Chris Moss, Otter Point

From Swartz Bay to Port Renfrew more than one thousand wells supply thousands of homes with clean, potable water for drinking and farming. Most of the wells up the Saanich peninsula have been replaced with City water piped from Sooke Lake.  This has allowed their aquifers to replenish over time. In areas without piped water, multiple wells cause a drawdown of water each time they are used. 

Since 2016 all domestic wells should be registered in the BC Well Data base which operates out of Front Counter BC with the nearest office in Nanaimo.

A licence is required for wells considered commercial wells, serving businesses, farms, stratas, river run, and bed and breakfast operations. These licensed wells pay a user fee for the commercial use of ground water. Domestic single-house well users pay no fee for their ground water.
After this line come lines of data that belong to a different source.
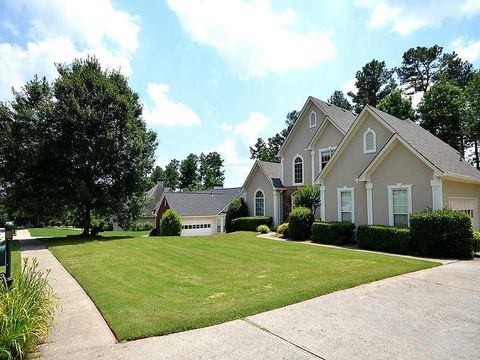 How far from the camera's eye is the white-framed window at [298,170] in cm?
2445

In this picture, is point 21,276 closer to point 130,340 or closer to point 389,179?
point 130,340

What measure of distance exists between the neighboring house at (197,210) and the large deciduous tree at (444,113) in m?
21.7

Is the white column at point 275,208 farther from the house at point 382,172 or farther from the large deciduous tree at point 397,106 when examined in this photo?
the large deciduous tree at point 397,106

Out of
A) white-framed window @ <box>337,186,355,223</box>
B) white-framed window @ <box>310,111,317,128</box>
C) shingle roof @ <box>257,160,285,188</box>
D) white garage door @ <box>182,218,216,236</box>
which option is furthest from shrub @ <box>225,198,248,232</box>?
white-framed window @ <box>337,186,355,223</box>

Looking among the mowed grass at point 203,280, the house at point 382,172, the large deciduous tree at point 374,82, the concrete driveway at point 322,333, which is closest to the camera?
the concrete driveway at point 322,333

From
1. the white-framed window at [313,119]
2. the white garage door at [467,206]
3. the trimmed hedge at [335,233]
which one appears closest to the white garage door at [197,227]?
the white-framed window at [313,119]

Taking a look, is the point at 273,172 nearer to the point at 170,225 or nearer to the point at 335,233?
the point at 170,225

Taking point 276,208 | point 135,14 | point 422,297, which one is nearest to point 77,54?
point 135,14

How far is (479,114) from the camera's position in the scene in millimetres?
26156

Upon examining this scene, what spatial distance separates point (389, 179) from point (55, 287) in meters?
14.5

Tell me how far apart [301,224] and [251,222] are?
7002 millimetres

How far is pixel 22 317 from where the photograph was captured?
12.5 feet

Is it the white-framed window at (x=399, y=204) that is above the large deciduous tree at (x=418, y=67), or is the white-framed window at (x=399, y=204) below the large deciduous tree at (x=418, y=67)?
below

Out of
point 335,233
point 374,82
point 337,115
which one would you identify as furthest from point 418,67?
point 335,233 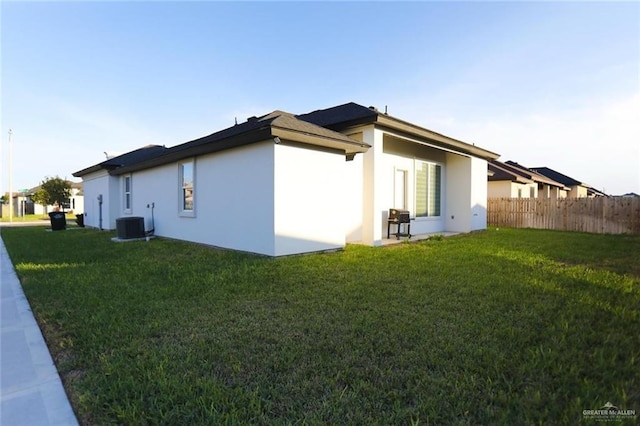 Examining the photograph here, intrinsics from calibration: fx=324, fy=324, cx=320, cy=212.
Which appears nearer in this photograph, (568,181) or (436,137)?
(436,137)

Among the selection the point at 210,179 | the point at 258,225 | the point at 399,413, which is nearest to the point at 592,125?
the point at 258,225

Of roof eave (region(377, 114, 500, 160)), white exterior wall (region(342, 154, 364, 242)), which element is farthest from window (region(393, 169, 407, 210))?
white exterior wall (region(342, 154, 364, 242))

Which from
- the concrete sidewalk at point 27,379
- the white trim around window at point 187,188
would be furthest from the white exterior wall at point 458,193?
the concrete sidewalk at point 27,379

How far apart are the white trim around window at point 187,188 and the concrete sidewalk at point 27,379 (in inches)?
229

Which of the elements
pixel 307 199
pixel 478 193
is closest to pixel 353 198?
pixel 307 199

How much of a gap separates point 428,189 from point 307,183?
6.89 metres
Registration in the BC Well Data Base is free and worth it.

The Province and local districts use well registration data when developers want permits to build houses and drill a well for each house.  If your district/municipality knows that you have a well in place they will consider the viability of granting any further building permits that may interfere with your well. If your well is not registered and no one knows about it, you may find that new subdivision wells have affected or dried out your existing well.  There is no legal recourse if this happens – you are just out of water.

The BC Wells and Aquifer Map web site shows all the known, registered and licensed wells in the province making clear how many British Columbians depend on wells.  As you drill down on the map to the south Vancouver Island area you will see exactly where the wells are located, lot by lot.  Going further you can find the complete record of each well, drill date, depth, flow rate and more. 

Each well has a static water level.  This level is the point at which the water pressure pushing the water up the well is balanced by the air pressure weighing down on the water. Provincial monitoring wells measure the fluctuations in the static water level. As the aquifer dries out there is less water pressure and the level drops.  When the aquifer is replenished from surface rains, the level goes up. 

Using domestic wells as monitoring wells makes it more difficult to see the long term changes, since every time you take water out of the well you will do so faster than the well fills up again.  So this “drawdown” is a temporary and local change in a single well. Over time, however, it is still useful to measure domestic wells and “sort out” the daily drawdown to see the longer term data and thus to see the yearly fluctuations in the aquifer. The CRD and Front Counter BC both have a wealth of information on all topics related to wells on their websites.

My wife had a great analogy for the effect of climate change on rainfall, aquifers and wells.  She said, “Pretend that you like to have two cups of coffee at a leisurely breakfast.  Your cup is like the aquifer.  The rain that falls, symbolized by your coffee, comes in a shorter period of time because of climate change.  So the coffee cup fills up with two cups of coffee at the same time. The second cup spills over the brim and is lost.  You end up with one cup of coffee.”  The same is true of wells and aquifers. We might get the same amount of rain per year, but we are getting it in shorter and shorter periods of time.  Once the aquifer is full the rest of the rainfall is lost and cannot be retained by the aquifer. Then, over a long dry period that aquifer is not refilled. 

Building rain swales, or retention ponds, will capture that excess water and slow it down so that it is able to infiltrate slowly into the ground. It would be like putting a bowl under your coffee cup to catch the excess coffee, so you can enjoy that second cup.  

Rainwater harvesting is a growing industry in the South Island and for those whose wells have gone dry, it is a necessity to catch that extra rainfall when they can.